**What you will do**: All entries below are to be returned exactly, with pictures left out.

**Exercise data**:
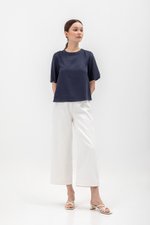 BLAIR BACK BUTTONDOWN TENCEL TOP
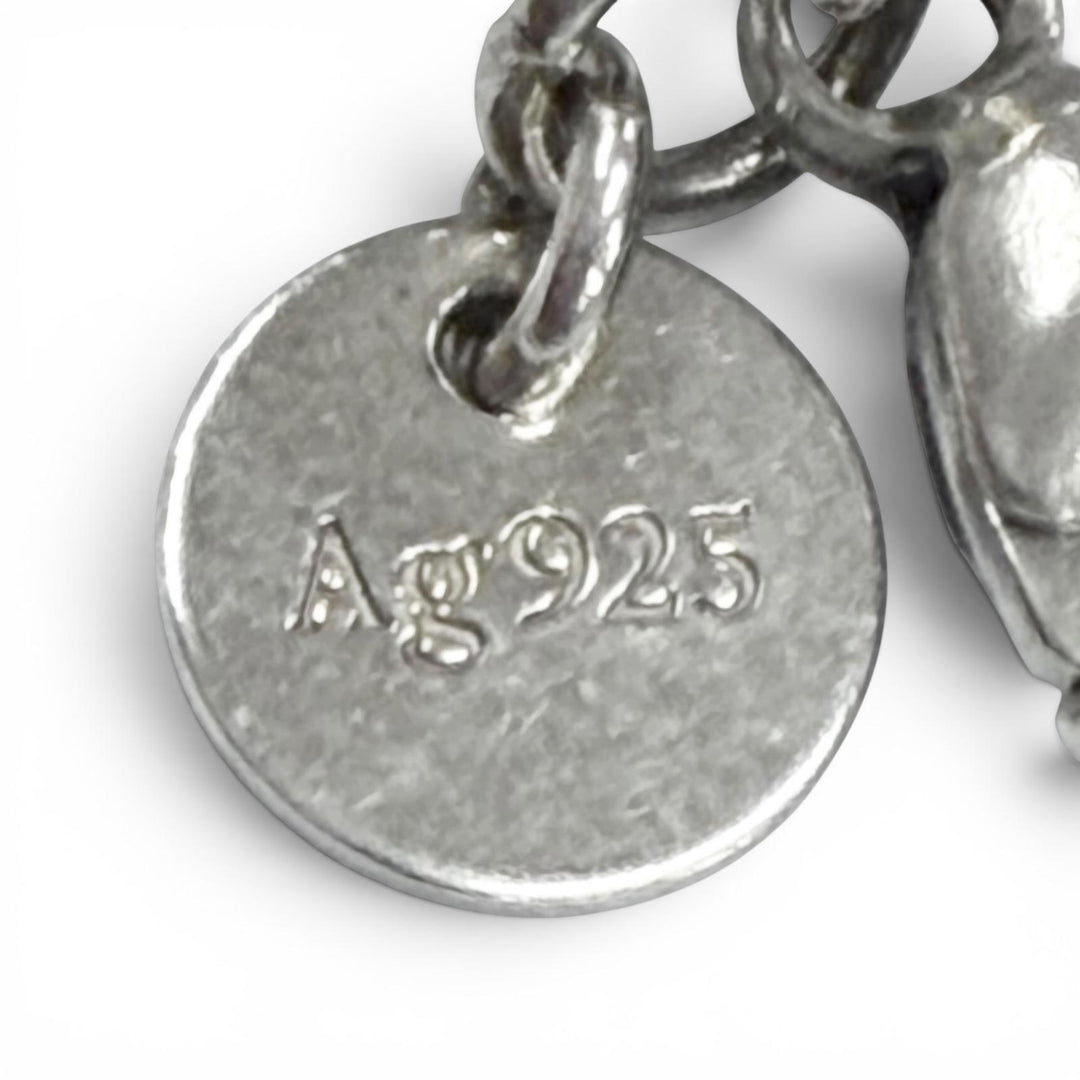 Great TIFFANY&Co. Necklace Hardware ball Silver AG925 mens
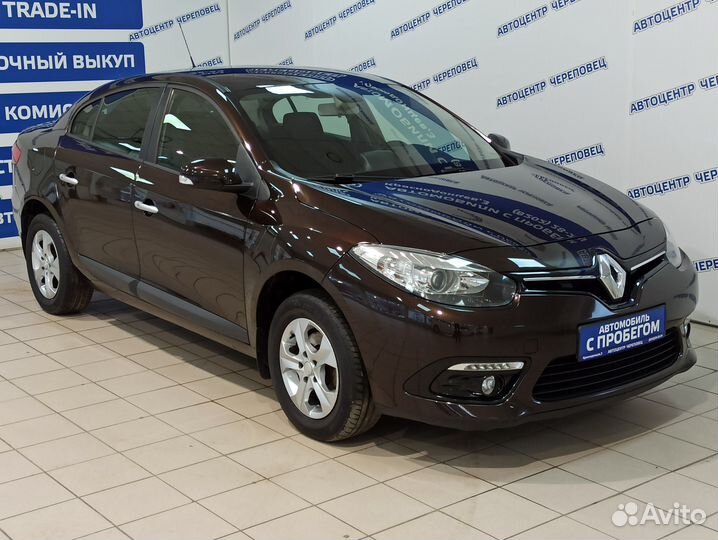 Renault Fluence 1.6 CVT, 2014, 101 735 км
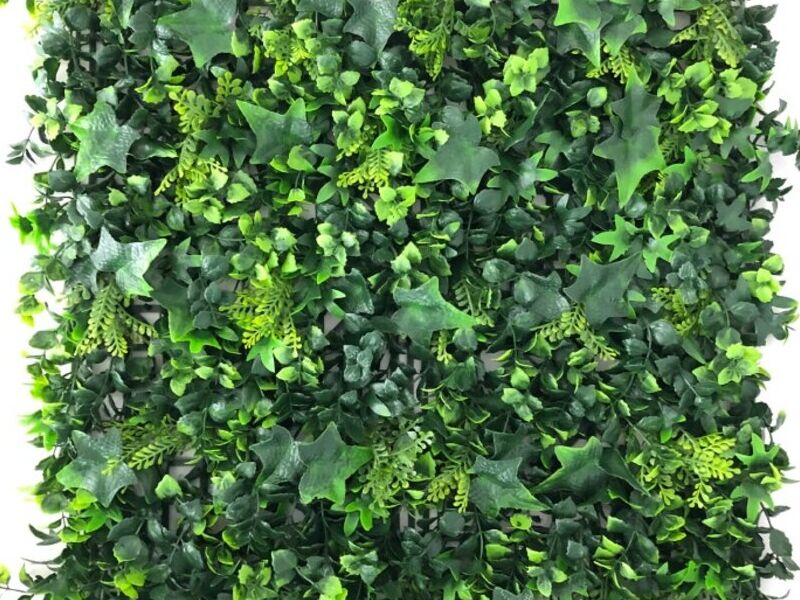 Jardín vertical estrella verde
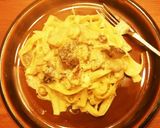 簡単クリームパスタ！きのこクリーム作り方5写真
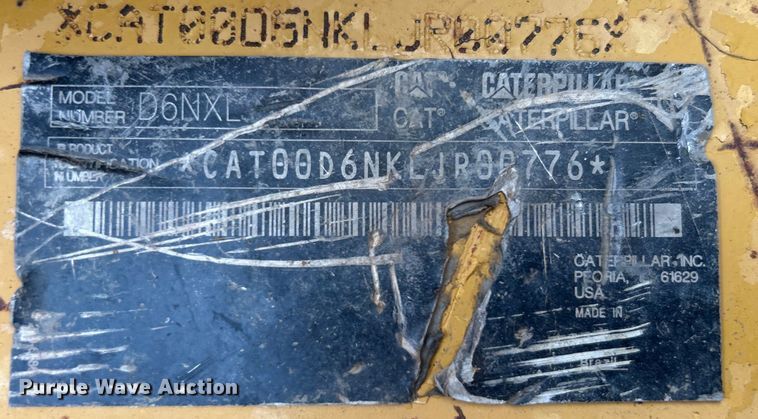 image for item DO6635 2012 Caterpillar D6N XL dozer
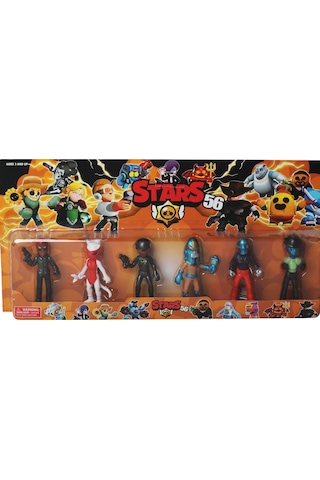 Brawl Stars 6'lı Koleksiyon Karakter Figür Seti 12 Cm Eklemli Oyuncak Kahramanlar Seti Brawl Stars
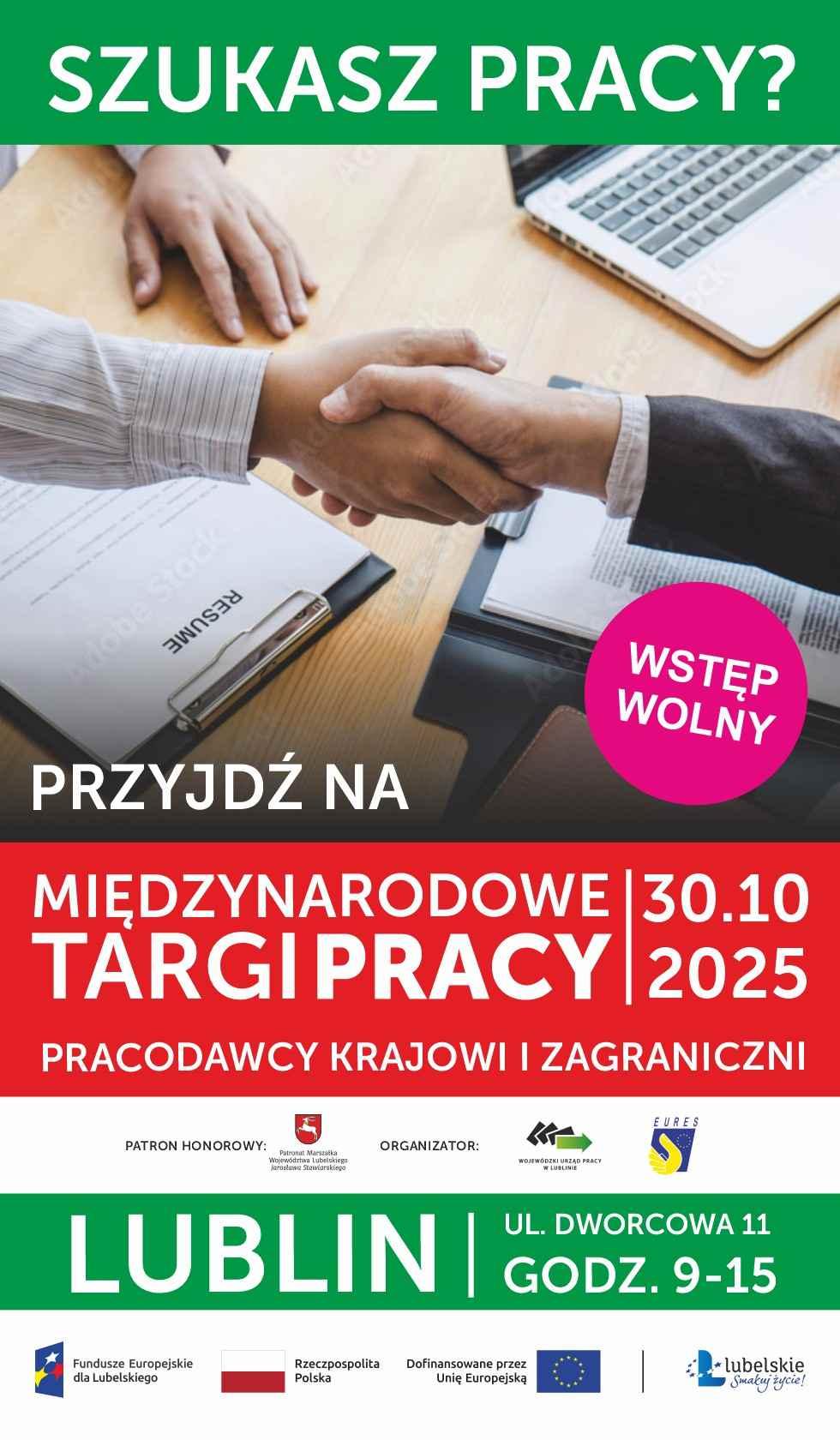 Międzynarodowe Targi Pracy w Lublinie 30.10.2025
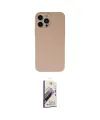 ieg™ iPhone 13 Pro Max Kılıf Ahenk Serisi - Siyah Bilvis 3D Mat Cam Ekran Koruyucu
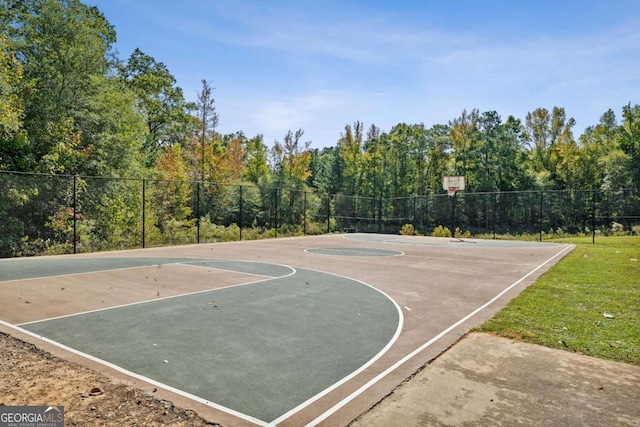 view of basketball court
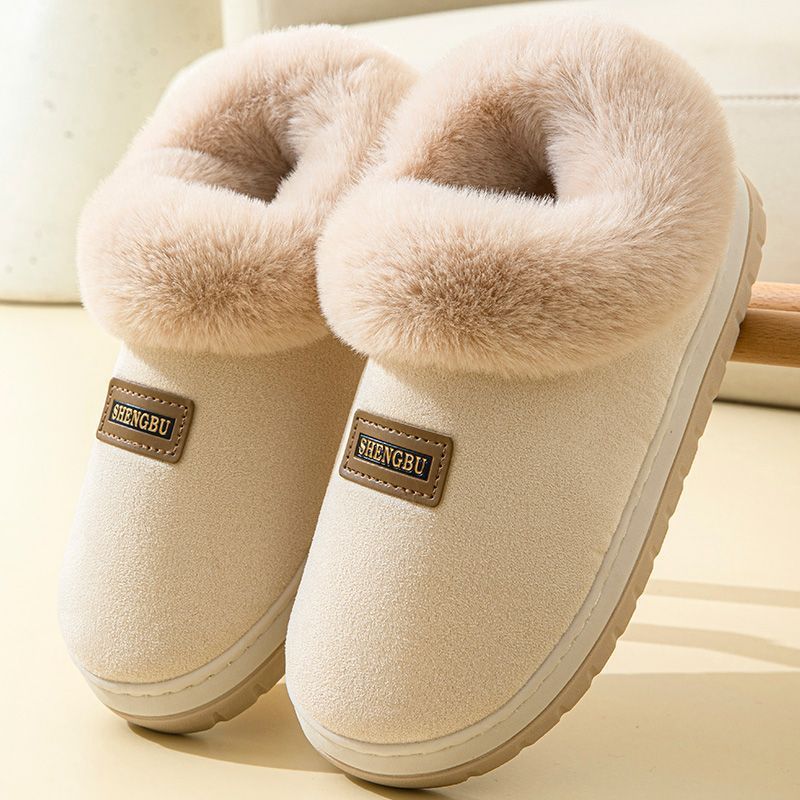 Womens Cotton Shoes With Fur Lining New Fallwinter Style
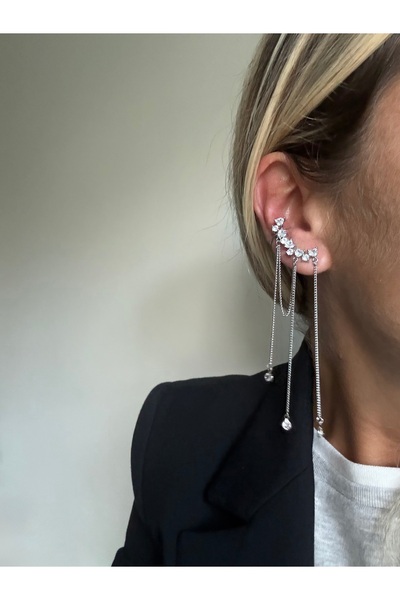 Rossetto Atelier Imported Silver Shiva Earrings&Earcuff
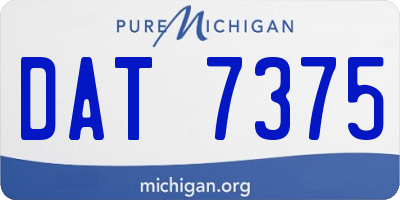 MI license plate DAT7375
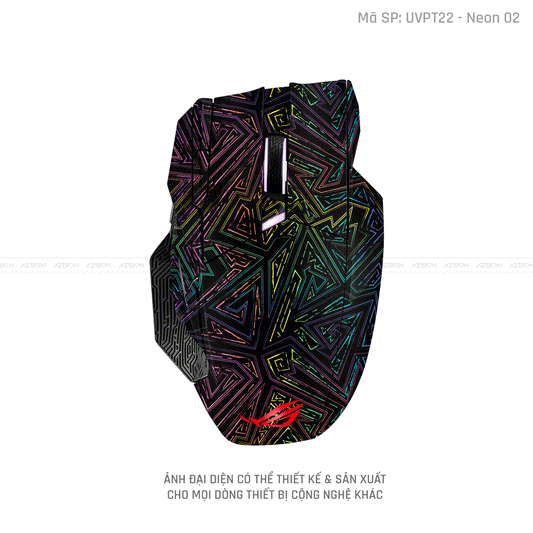 Skin Dán Chuột Asus Vân Nổi Hình Neon-02 | UVPT22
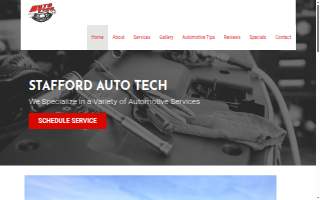 Stafford Auto Tech website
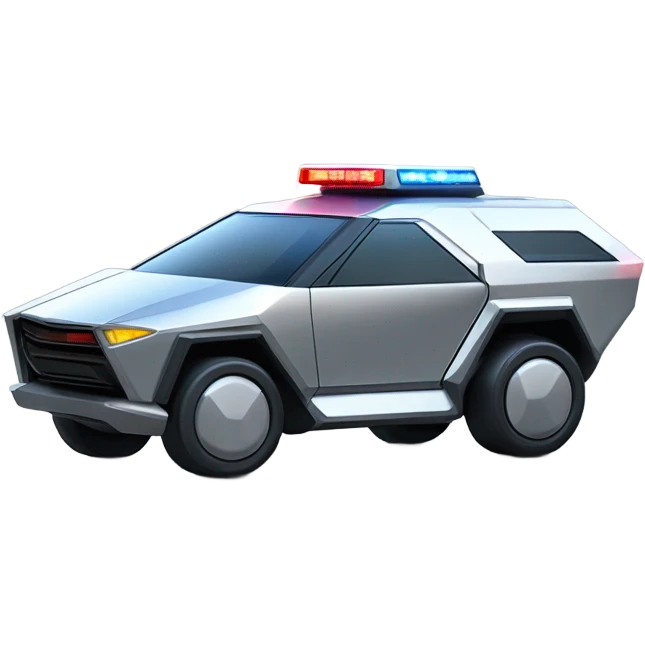 cybertruck police car emoji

**Answer to the exercise**:
 BLAIR BACK BUTTONDOWN TENCEL TOP
 Great TIFFANY&Co. Necklace Hardware ball Silver AG925 mens
 Renault Fluence 1.6 CVT, 2014, 101 735 км
 Jardín vertical estrella verde
 簡単クリームパスタ！きのこクリーム作り方5写真
 image for item DO6635 2012 Caterpillar D6N XL dozer
 Brawl Stars 6'lı Koleksiyon Karakter Figür Seti 12 Cm Eklemli Oyuncak Kahramanlar Seti Brawl Stars
 Międzynarodowe Targi Pracy w Lublinie 30.10.2025
 ieg™ iPhone 13 Pro Max Kılıf Ahenk Serisi - Siyah Bilvis 3D Mat Cam Ekran Koruyucu
 view of basketball court
 Womens Cotton Shoes With Fur Lining New Fallwinter Style
 Rossetto Atelier Imported Silver Shiva Earrings&Earcuff
 MI license plate DAT7375
 Skin Dán Chuột Asus Vân Nổi Hình Neon-02 | UVPT22
 Stafford Auto Tech website
 cybertruck police car emoji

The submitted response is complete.